Mark Morris’s The Hard Nut at BAM Howard Gilman Opera House.
Mark Morris’s The Hard Nut sets the knowing audience at the Brooklyn Academy laughing in ways that most ballets set to Tchaikovsky’s The Nutcracker do not. But I doubt that ballet aficionados in St Petersburg in 1892 found their eyes moisting up either. This revival of Morris’s music-wise, tradition-flouting version melds human foibles, courage, and generosity in ways that can be outrageously funny but also poignant.
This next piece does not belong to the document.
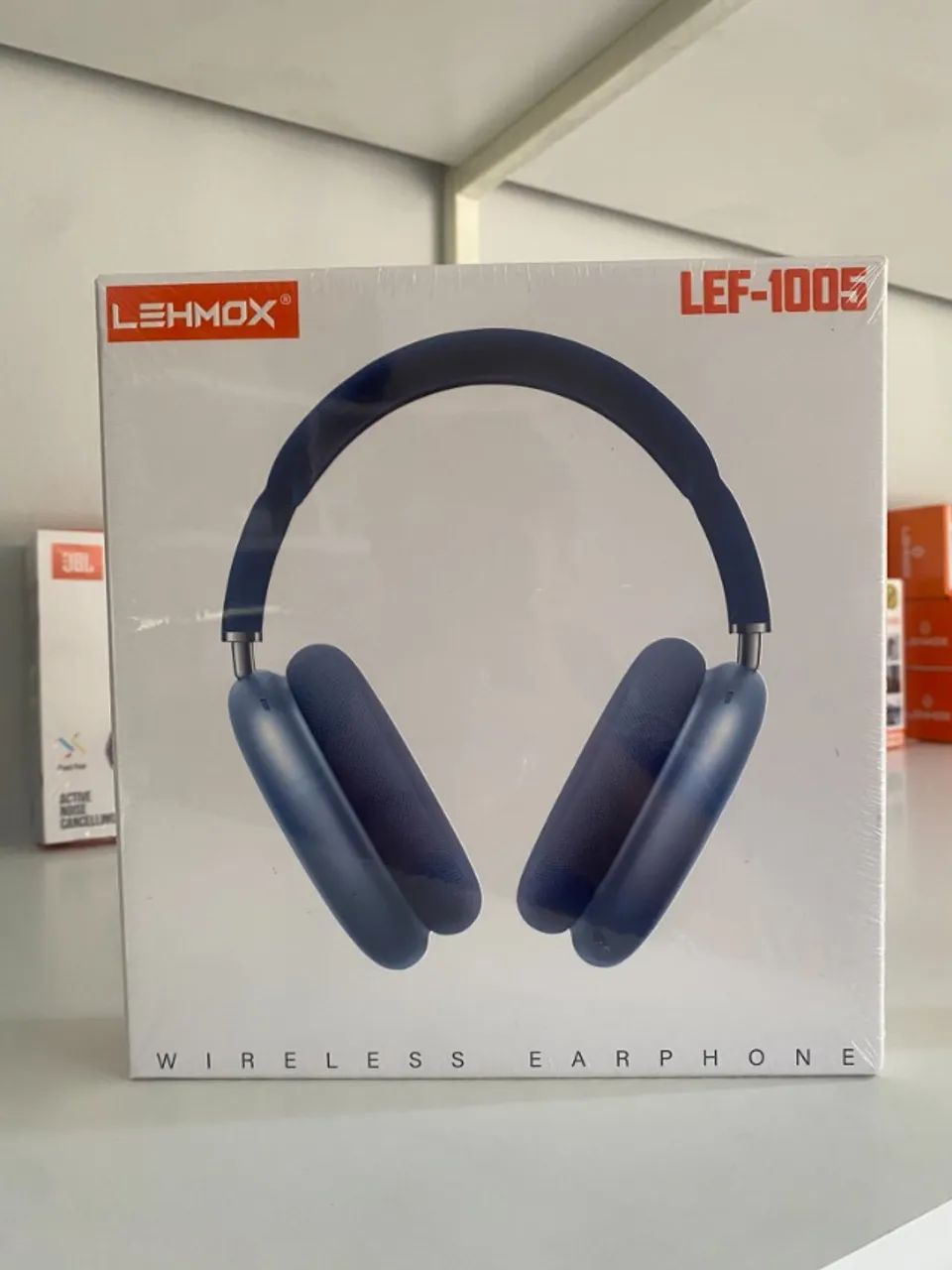 Fone de ouvido Bluetooth, Azul - Foto 2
The MMDG Music Ensemble, led by Colin Fowler, plays Tchaikovsky’s overture at a pretty fast clip; at that pace and with certain emphases, it becomes full of excited questioning. What will happen when the curtain goes up? What magic is in the air? The whole production design was based on the work of illustrator and graphic novelist Charles Burns, and such images as a closeup of the mesmerist and toymaker Drosselmeier occasionally loom behind Adrianne Lobel’s black-and-white set, lit by James F. Ingalls. But the friends who gather at the Christmas party hosted by Dr. and Mrs. Stahlbaum in their monochromatic apartment wear astonishing 1970s outfits and wigs in combinations of red and green (the marvelous costumes are by Martin Pakledinaz).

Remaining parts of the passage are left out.